- COLLECTED MATERIAL
□ □ □

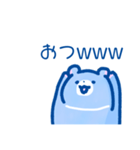 （うるおいたっぷり）みずくまスタンプ（個別スタンプ：15）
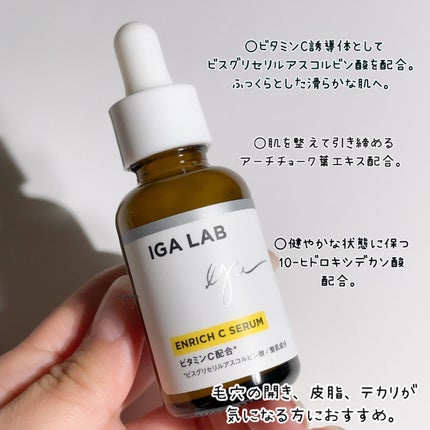 エンリッチCセラム/IGA LAB/美容液を使ったクチコミ(3枚目)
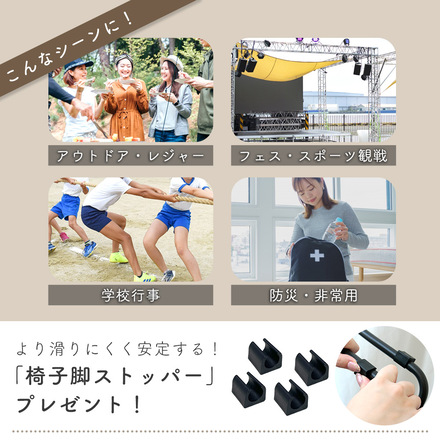 mitas 折りたたみ椅子 コンパクト ベージュ TN-COFC-BG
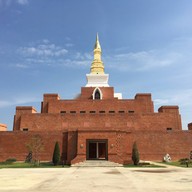 ท่าอากาศยานสุโขทัย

□ □ □

Return the material above in exact form. Pictures stay out.

- THE ANSWER
 （うるおいたっぷり）みずくまスタンプ（個別スタンプ：15）
 エンリッチCセラム/IGA LAB/美容液を使ったクチコミ(3枚目)
 mitas 折りたたみ椅子 コンパクト ベージュ TN-COFC-BG
 ท่าอากาศยานสุโขทัย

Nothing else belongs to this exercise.